09:57 La première fois, il n'y arrive pas très bien.
10:00 On lui dit "attention, réécoutez mieux ma voix".
10:02 Il y arrive très bien. Il peut sortir une belle voix
10:05 alors qu'il ne sait pas comment fonctionne la respiration.
10:08 On peut lui apprendre techniquement la voix,
10:11 mais d'abord, il y a un projet musical avec la voix.
10:14 Il faut sensibiliser nos élèves là-dessus.
10:16 Et il y a un projet relationnel avec le regard.
10:19 -Combien de jours ces ateliers ? Stéphane André ?
10:22 -C'est très variable.
10:24 Il y a des cours longue durée.
10:26 Et puis, il y a des cours qu'on appelle des séminaires,
10:29 qui sont en deux ou trois jours.
10:31 Les séminaires intensifs, un peu plus longs,
10:34 qui sont en trois ou quatre jours,
10:35 cinq jours même.
10:37 Les durées sont très variables.
10:39 Ca dépend des besoins de chaque élève,
10:41 de son emploi du temps aussi, de ses goûts.
10:44 Et puis, surtout, il y a dans nos cours
10:47 une base qui est l'art oratoire, le regard de voix.
10:50 Et puis, on décline ça sur des écoles d'application
10:53 qui sont multiples. -Des exemples.
10:55 -Qui sont la négociation, le débat contradictoire.
10:58 Nous avons aussi des politiques,
11:00 en général, en cours particulier,
11:02 mais avec eux, nous travaillons beaucoup le débat,
11:05 l'exposé en public, la conférence,
11:07 l'exposé aussi à travers les médias.
11:09 Comment je parle devant un ordinateur
11:12 dans une visioconférence ?
11:13 Donc, les écoles d'application varient.
11:16 La technique de base est toujours la même.
11:18 -Et on ne l'oublie pas, cette technique,
11:21 c'est aussi une question que je me suis posée.
11:23 Une fois qu'on est passé vous voir, Stéphane André,
11:26 ça, on le retient, on l'a pour la suite ?
11:29 -On essaie de donner à nos élèves une conscience de sportif.
11:32 Jamais un sportif n'oublie sa technique.

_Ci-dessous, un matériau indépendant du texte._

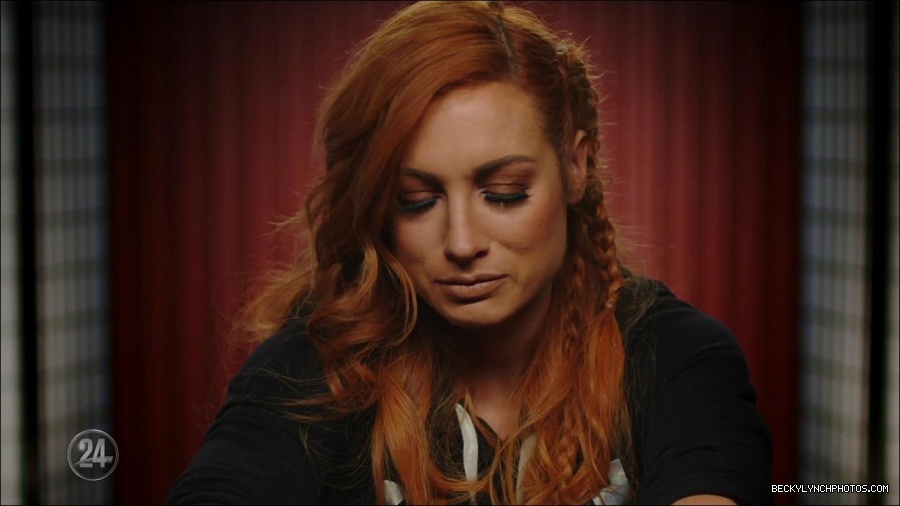 Becky_Lynch_-_The_Man_mp4_002283300.jpg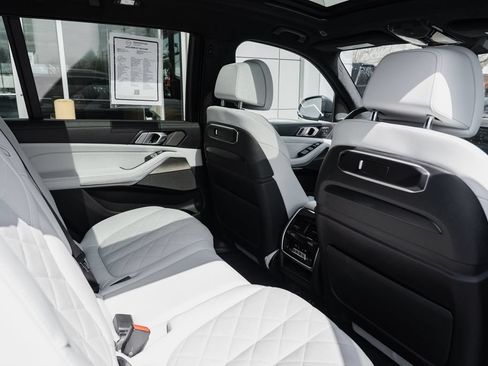 Used 2023 BMW X7 xDrive40i w/ Executive Package AWD/4WD image 27
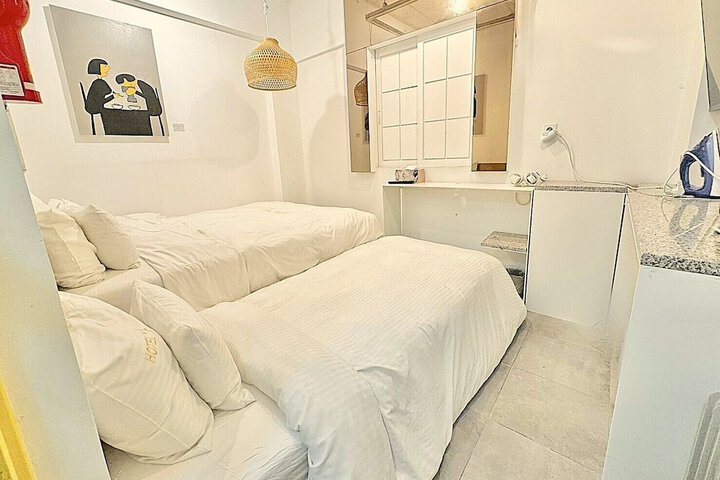 Room 6 of 43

11:35 Un joueur de tennis, un cavalier en équitation, en dressage,
11:38 la technique est toujours là.
11:40 Et notre technique est tellement basique
11:43 et, j'allais dire, écologiquement juste.

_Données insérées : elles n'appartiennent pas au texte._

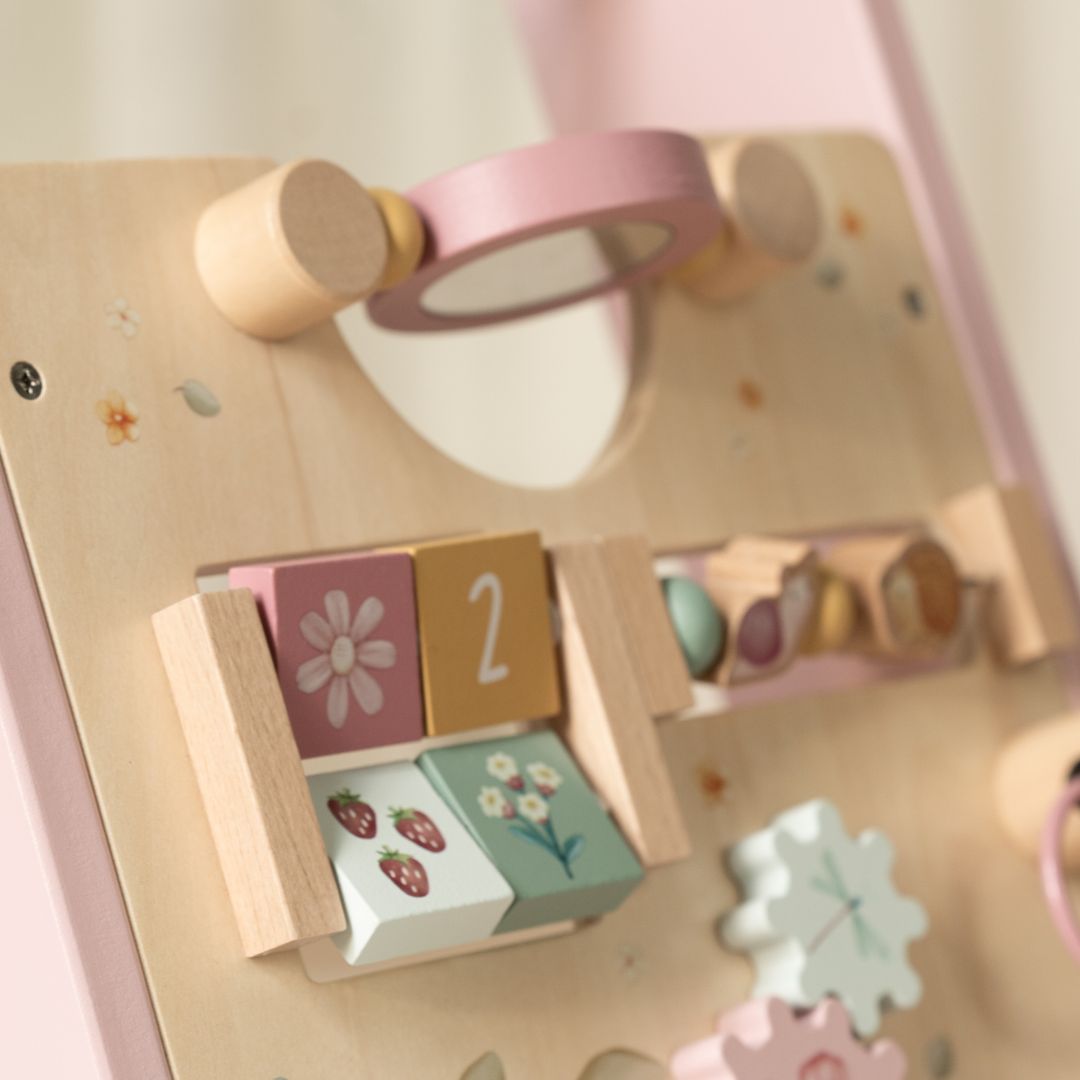 rosa gåvogn med aktiviteter fra Little Dutchs Fairy Garden kollektion, set tæt på, fås hos Nordic Simply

11:45 Il nous semble que nous respectons le morceau de nature
11:48 qui est notre propre corps.
11:50 Nous le respectons lorsque nous amenons l'orateur au regard,
11:53 à placer son dos et puis la voix.
11:55 Il nous semble que là, nous faisons exactement,
11:58 pour parler en public, ce que la nature,
12:00 que j'appelle mère nature, exige,
12:02 ce que nous faisions quand nous parlions en public.
12:05 Si on parle en public devant, avec des tiques d'épaule,
12:08 il est évident qu'on massacre son propre corps
12:11 et qu'on massacre alors la relation au public.
12:13 -On termine là-dessus. Stéphane André,
12:16 merci beaucoup d'être venu nous voir dans "Smart Education".
12:19 Nous sommes ravis de vous accueillir,
12:21 fondateur de l'école de l'art oratoire.
12:24 Je remontre votre livre, "Une éloquence naturelle",
12:27 pour préserver l'écologie sociale dans nos organisations.
12:30 Merci beaucoup d'être venu nous voir dans "Smart Education".
12:33 Merci à vous de nous avoir suivis.
12:36 On se retrouve très vite pour un nouveau numéro.
12:38 A très vite sur "Be smart". Ciao.